___ Records supplied ___
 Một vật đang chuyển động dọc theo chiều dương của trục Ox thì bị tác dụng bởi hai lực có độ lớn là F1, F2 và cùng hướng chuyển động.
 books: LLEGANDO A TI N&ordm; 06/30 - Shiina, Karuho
___
___ Records supplied ___
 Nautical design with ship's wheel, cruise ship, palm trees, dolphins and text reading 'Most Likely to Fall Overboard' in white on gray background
___
Task requirements:
Start with the line above that contains "Một vật đang" and stop after the line that contains "books: LLEGANDO A". Output those lines exactly, and only those.

Reply:
 Một vật đang chuyển động dọc theo chiều dương của trục Ox thì bị tác dụng bởi hai lực có độ lớn là F1, F2 và cùng hướng chuyển động.
 books: LLEGANDO A TI N&ordm; 06/30 - Shiina, Karuho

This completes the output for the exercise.